- Assignment
Would you set down the data that follows, word for word, without any pictures?

- Entries provided
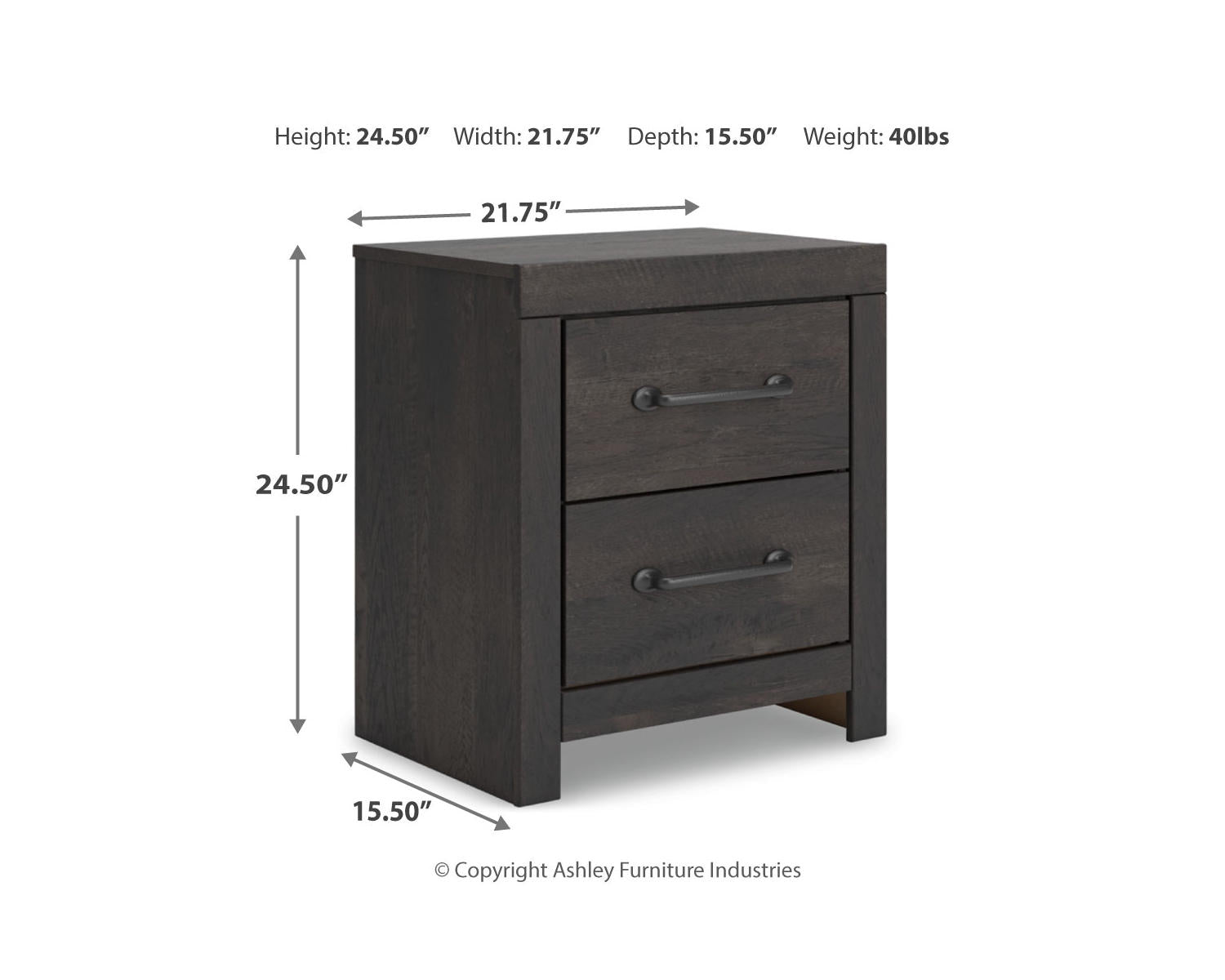 Hollivern Queen Panel Bed, Dresser, Mirror and Nightstand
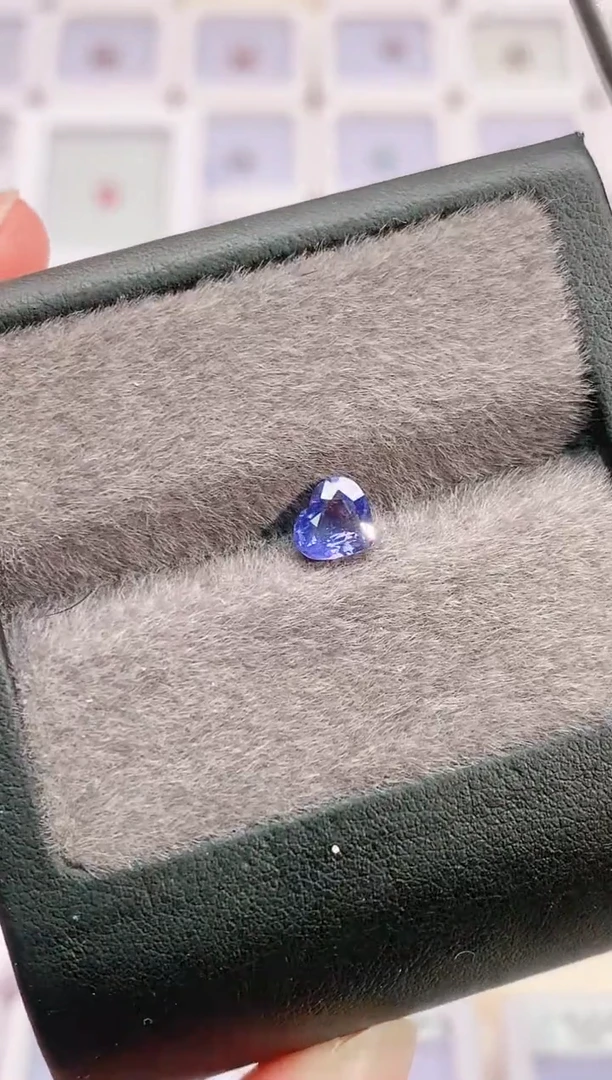 裸石蓝宝石1.07-960天然无烧蓝宝石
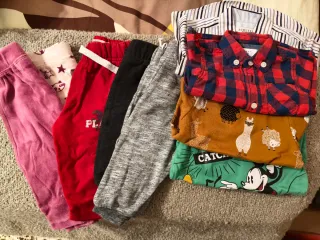 Lote Invierno niño(la mayoria)/Primavera 0-6 Meses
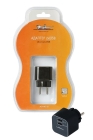 Зарядное устройство для 2 USB+адаптер для моб. тел., IPad и др. AIRLINE 1A+2,1А 220В ACH-WC-10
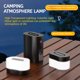 thumbnail image 2 of ¡Últimas Unidades!, Nueva luz de camping al aire libre tipo C recargable dividida de larga duración, iluminación de emergencia, luz de camping con succión magnética Akmoler, 2 of 9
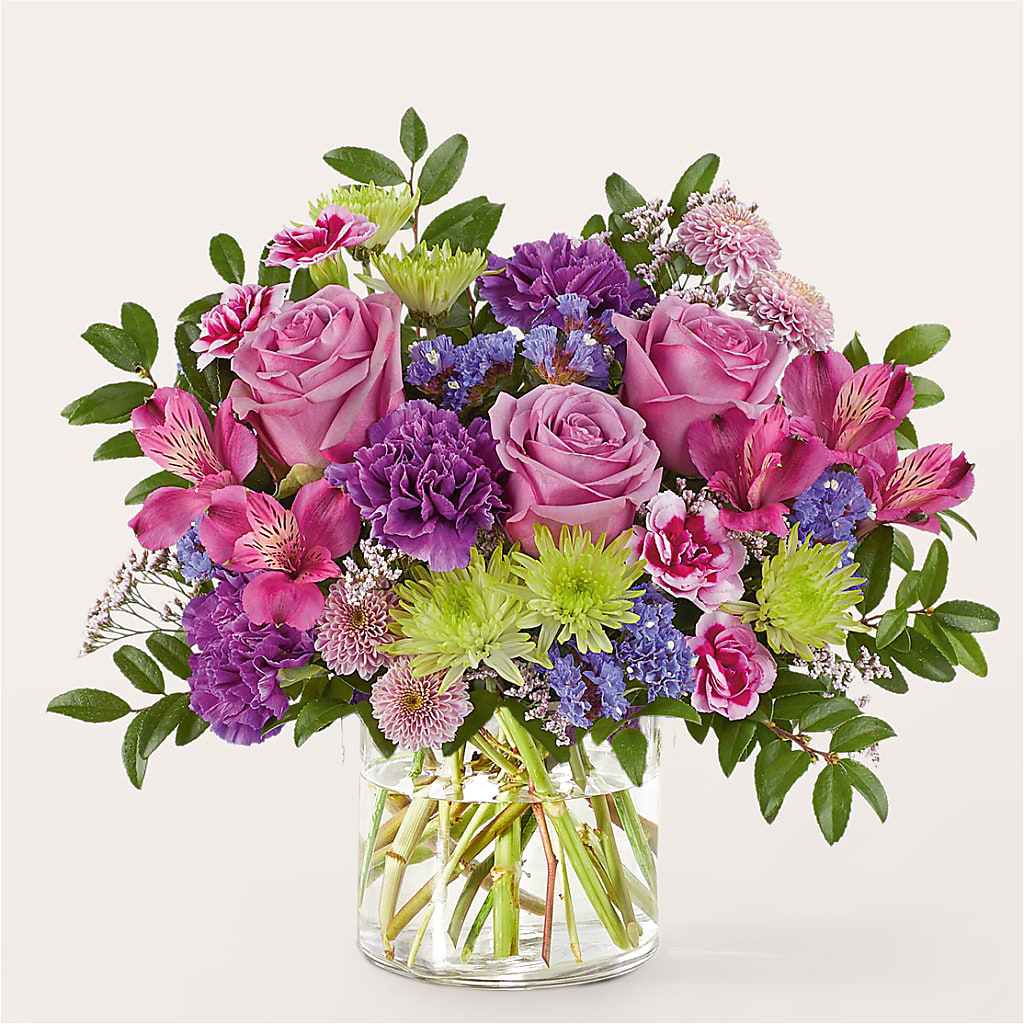 Glass Half Full Bouquet –  West Hollywood Florist, West Hollywood CA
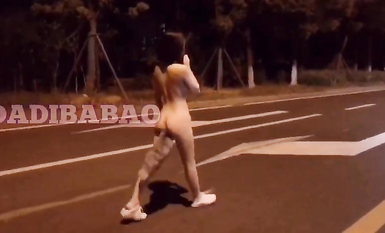 抖音80W粉絲推特網紅超萌蘿莉反差婊一隻喔私拍視圖大量流出人前露出3P喝尿野戰騷中極品 (44)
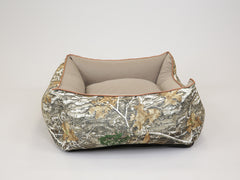 Oaklands Water-Resistant Orthopaedic Walled Dog Bed - Realtree AP® Camo, Large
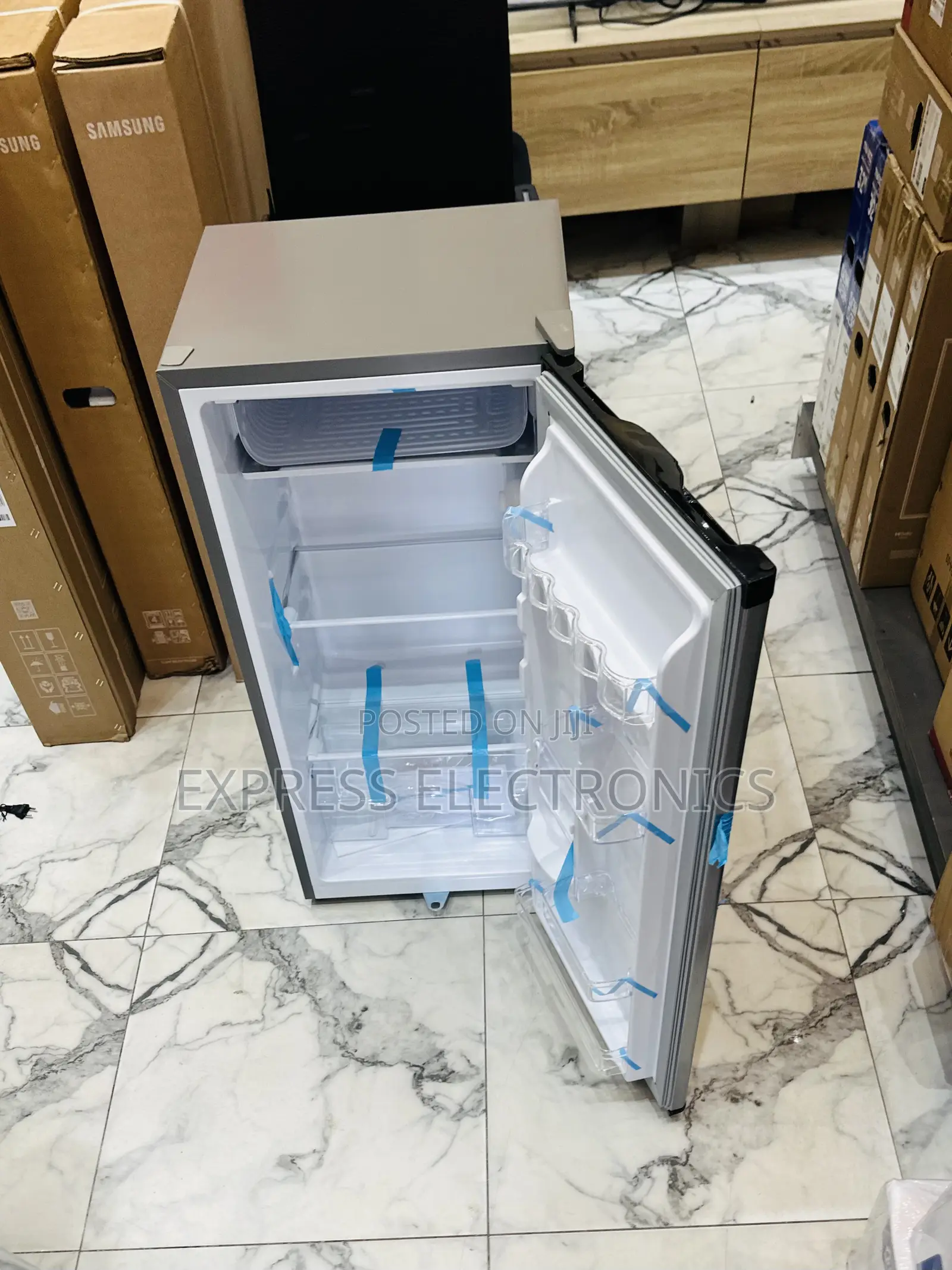 Call for Pearl Single Door Pearl Fridge Tabletop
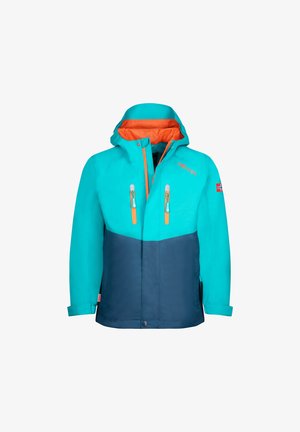 TROLLKIDS, NUSFJORD - Outdoor jacket - lake blue/mystic blue
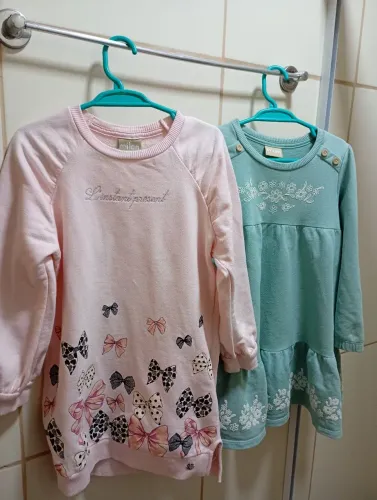 Vestidos de Inverno Milon 4 anos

- Answer for the task
 Hollivern Queen Panel Bed, Dresser, Mirror and Nightstand
 裸石蓝宝石1.07-960天然无烧蓝宝石
 Lote Invierno niño(la mayoria)/Primavera 0-6 Meses
 Зарядное устройство для 2 USB+адаптер для моб. тел., IPad и др. AIRLINE 1A+2,1А 220В ACH-WC-10
 thumbnail image 2 of ¡Últimas Unidades!, Nueva luz de camping al aire libre tipo C recargable dividida de larga duración, iluminación de emergencia, luz de camping con succión magnética Akmoler, 2 of 9
 Glass Half Full Bouquet –  West Hollywood Florist, West Hollywood CA
 抖音80W粉絲推特網紅超萌蘿莉反差婊一隻喔私拍視圖大量流出人前露出3P喝尿野戰騷中極品 (44)
 Oaklands Water-Resistant Orthopaedic Walled Dog Bed - Realtree AP® Camo, Large
 Call for Pearl Single Door Pearl Fridge Tabletop
 TROLLKIDS, NUSFJORD - Outdoor jacket - lake blue/mystic blue
 Vestidos de Inverno Milon 4 anos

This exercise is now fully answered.